Tuesday, December 10, 2013

The Decline and Fall of College Debate

I debated in high school, and was pretty obsessive about it. I did it for a while in college, too, but quickly realized that it was pretty loathsome. Debate is, in general, a two-edge sword in my view. It can help you gain certain intellectual skills--e.g. it can make you better at sticking to the point and relentlessly pursuing individual lines of argument. But it can also corrupt your mind by making you more sophistical, encouraging you to think in terms of winning or losing a contest instead of inquiring cooperatively in order to find the truth. I quit debate in college when it became clear that, even as a kind of contest, it had become a joke. Teams had prepared canned arguments that would purport to show, through long, improbable chains of "reasoning, that, basically, no matter what anyone did, it would lead to "GLOBAL THERMONUCLEAR WAR!!!111". I spent so much time arguing against the same patent nonsense over and over again that it stopped being interesting. (This only goes for certain types of debate...there's still Lincoln-Douglas, which is more sane. We used to make fun of it for being "soft" ("LD"--learning deficient LOL). But we were wrong...  Ah well...)

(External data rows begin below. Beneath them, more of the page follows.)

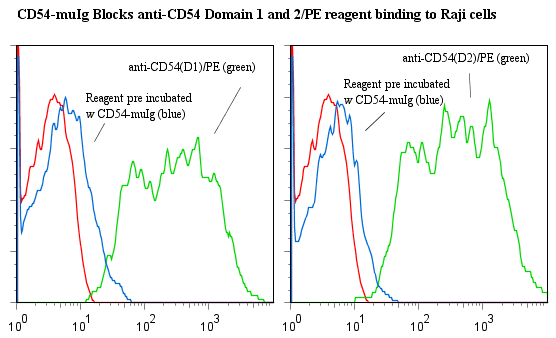 Human ICAM-1 / CD54 Protein (Recombinant)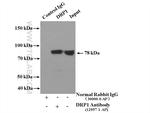 DRP1 (C-terminal) Antibody in Immunoprecipitation (IP)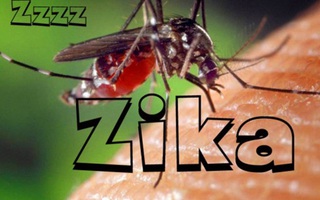 Phát hiện 1 nam thanh niên ở Đà Nẵng mắc virus Zika: Bệnh Zika nguy hiểm ra sao và lây qua những con đường nào?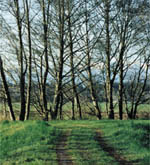 The Delta Farm in the lower Dungeness River valley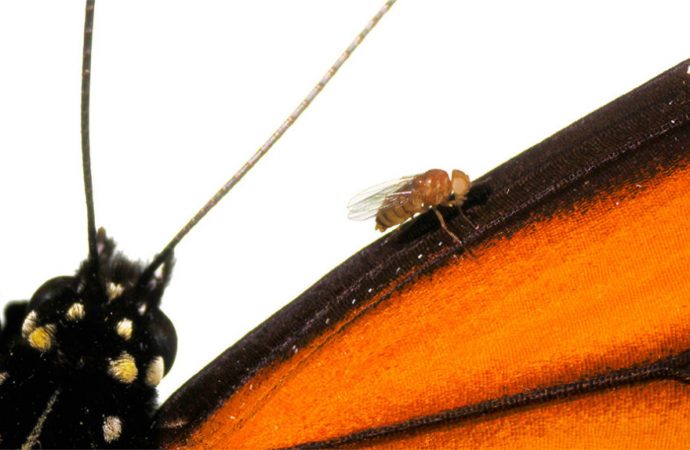 Gene editing can make fruit flies into ‘monarch flies’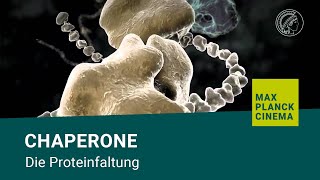 Chaperone  die Proteinfaltung [upl. by Acirederf]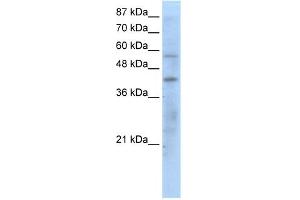 WB Suggested Anti-PPARG Antibody Titration:  1.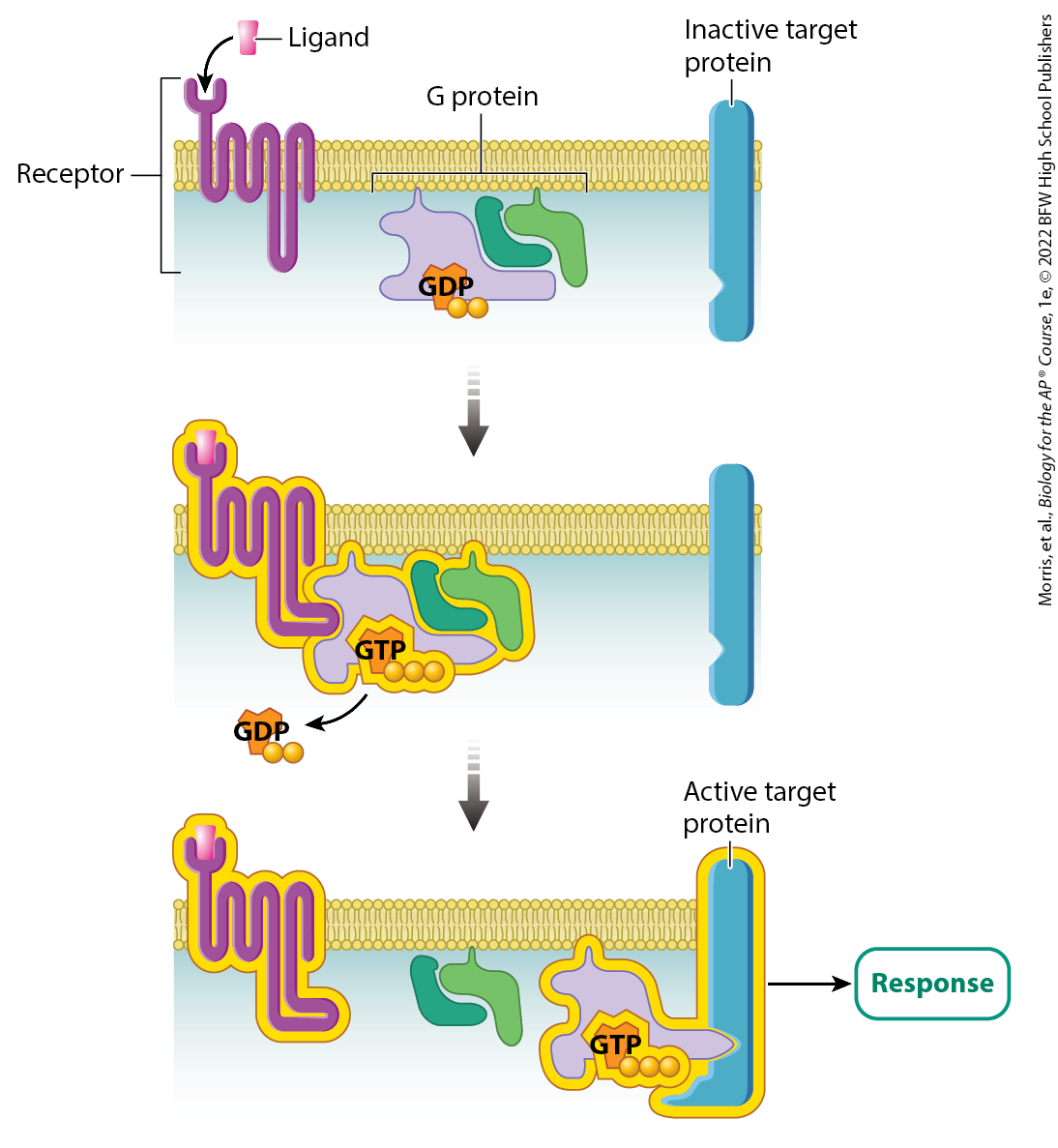 <p>when a signal binds to the extracellular part of the receptor protein (top), the G protein binds to the signal–receptor complex inside the cell (middle). As a result of binding to the complex, the G protein’s GDP is exchanged for GTP. The G protein then binds to and activates a target protein (bottom). The active target protein produces intracellular events, leading to a cellular response.</p>
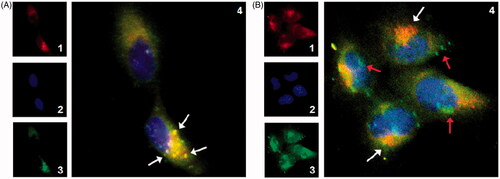 Figure 4. Intracellular delivery of the C6 labelled (A) PLGA NPs and (B) 20%As-PLGA NPs on Caco-2 cells after 1 h incubation observed by CLSM. The late endosomes and lysosomes were stained by LysoTracker Red. 1. Red fluorescence of lysosomes; 2. Blue fluorescence of nucleus; 3. Green fluorescence of C6; 4: overlay of 1–3. White arrows indicate the occasions of coincidence between the NPs and lysosomes; red arrows indicate NPs in the cytoplasm that circumnavigated lysosomes.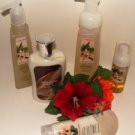 BATH & BODY WORKS WARM VANILLA SUGAR 5 PC ANTI-BACTERIAL COLLECTION BATH & BODY WORKS WARM VANILLA SUGAR 5 PC ANTI-BACTERIAL COLLECTION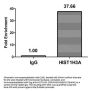 Butyrly-HIST1H3A (K27) Antibody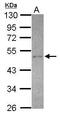 SEC14 Like Lipid Binding 2 antibody, PA5-30473, Invitrogen Antibodies, Western Blot image 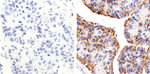Claudin 2 Antibody in Immunohistochemistry (Paraffin) (IHC (P))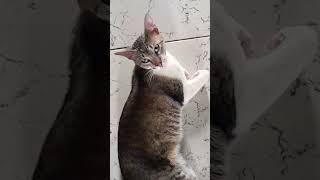 viralfypシ viralvideo foryou funny nnflopapfvr viraliza vaiprofycaramba viraliza logol 🐱🐶🐱🐶 [upl. by Esinyl577]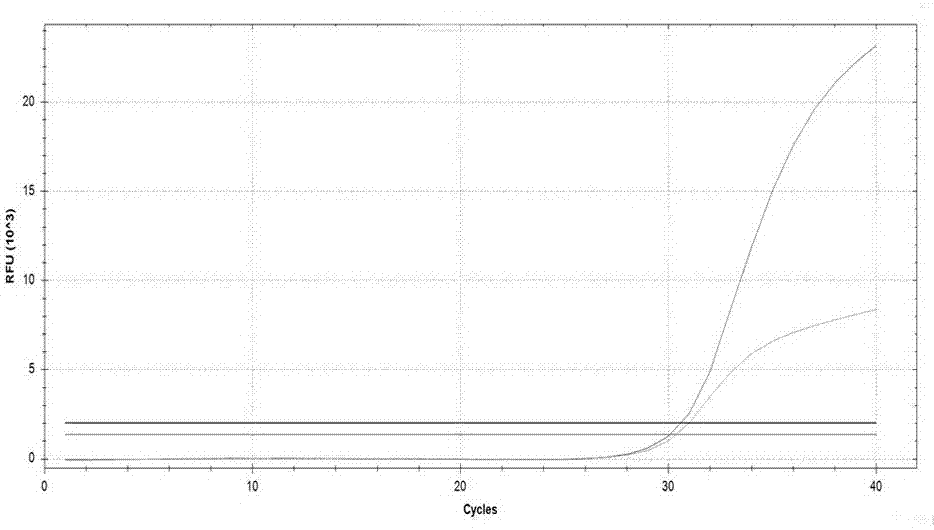 Kit used for detecting helicobacter pylori drug resistance gene mutation via multiple fluorescent PCR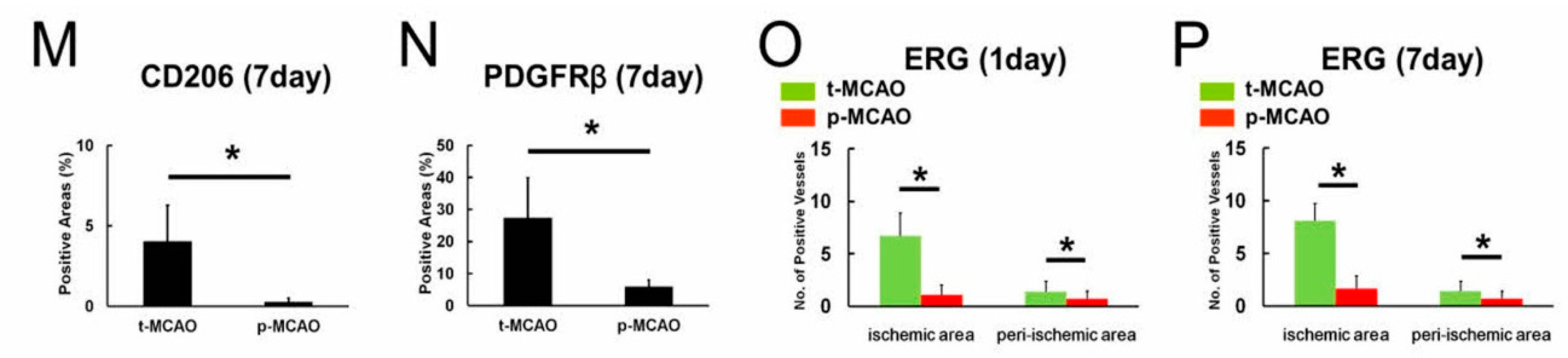 Cells 09 01374 g003b Cells 09 01374 g003b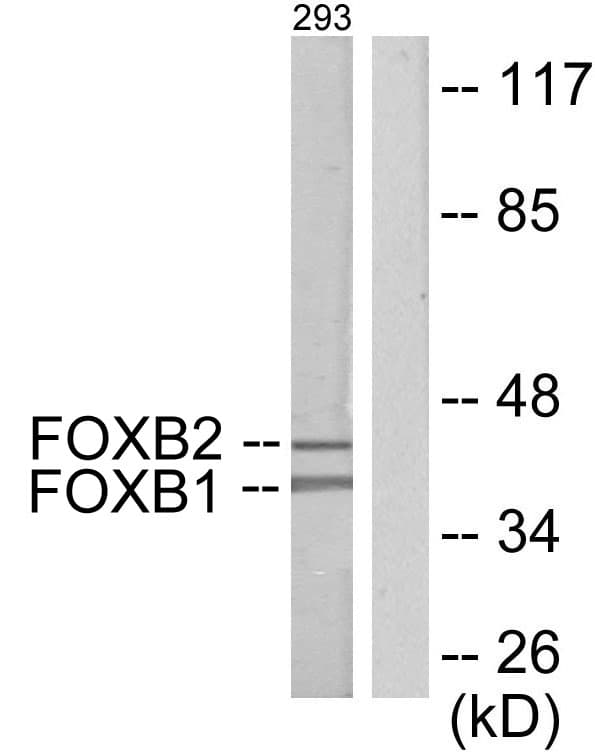 FOXB1+2 Antibody (aa51-100)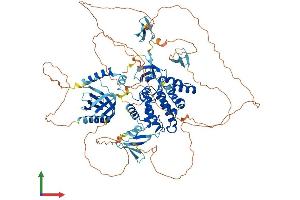 Protein Structure (PS) image for rho GTPase Activating Protein 27 (ARHGAP27) (AA 1-889) protein (His tag) (ABIN7555230)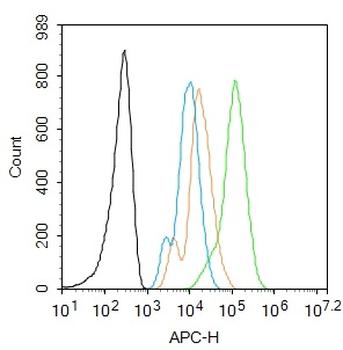 SOX2 Rabbit Polyclonal Antibody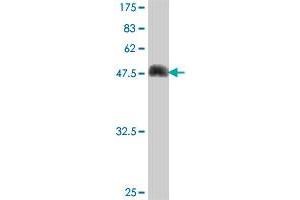 Western Blotting (WB) image for anti-DnaJ (Hsp40) Homolog, Subfamily B, Member 6 (DNAJB6) (AA 1-241) antibody (ABIN564338)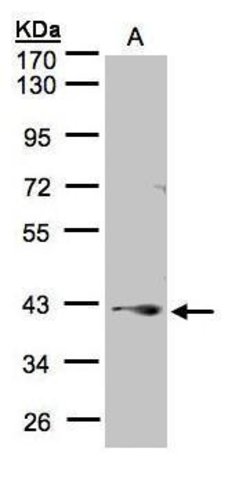 Invitrogen PPP2R4 Polyclonal Antibody 100 &mu;L; Unconjugated:Antibodies,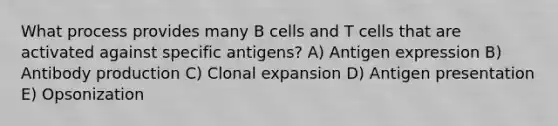 What process provides many B cells and T cells that are activated against specific antigens? A) Antigen expression B) Antibody production C) Clonal expansion D) Antigen presentation E) Opsonization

Furthermore, the activity become pretty repellent in other ways as well. I discovered that cheating (in the form of making up evidence) was, apparently, pretty common. And the participants would often speak so rapidly that they'd ostentatiously spit all over the podium. Bleh. I was fond of the rapid-fire style, but when I came to see how foolish it looked, that basically tore it.

Anyway, things have gotten rather worse since then. Here's some folks shrieking at each other in a championship debate about ten years ago... And, worse, apparently since then all sorts of postmodernist nonsense has creeped in, so that the long, canned, nonsense arguments now include a lot of fashionable quasi-philosophical nonsense to go along with the policy nonsense.

Ugh. I hear this has infected high school debate as well, which is too bad, since I have no doubt that high school debate was good for me. (Once, that is, I got over the asshole attitude that it can foster...)


Anonymous Anonymous said...

1) You're dating yourself, Winston. GLOBAL THERMONUCLEAR WAR as the first choice sophistical end point puts you in the High School class of '82, maybe? I would actually love to see a chart showing the rise and fall of sophistical debater's TERRIBLE CONSEQUENCES over the years; it provides a window into the popular dread of the time. From 2001 to about 2009 I'm sure it was TERRORISTS WIN, but I'm not sure what it would have been in the 90's or is today. Sociologists: stop doing bad philosophy and start logging old debate videos. We need this data.

2) But, more seriously: I suspect a big part of the current GOP's post-modernism has to do with the reliance of the Republican Party on the College Republicans for its fresh pundits, activists, and campaign operators, and the College Republican's recruiting of its members from the class of freshman debate junkies. When I arrived at a large state university in the mid-90s, there was no debate club, but the College Republicans did have weekly debates and discussion groups. They recruited incoming students aggressively with these events.

The debates were pretty phoney (of the "Bill Clinton: Monster or Beast?" variety), but they were the only game in town for someone who craved that kind of action. I attended a few, and saw that the kids attracted by these events, who did well in the discussion and tended to rise to leadership positions, were the obvious debate team veterans. These kids tended to take exactly the kind of tack in argument you describe: aggressive, sophistical, and Manichean. When the time would come for the Republican candidate for governor to recruit higher level volunteers, it would be from this set.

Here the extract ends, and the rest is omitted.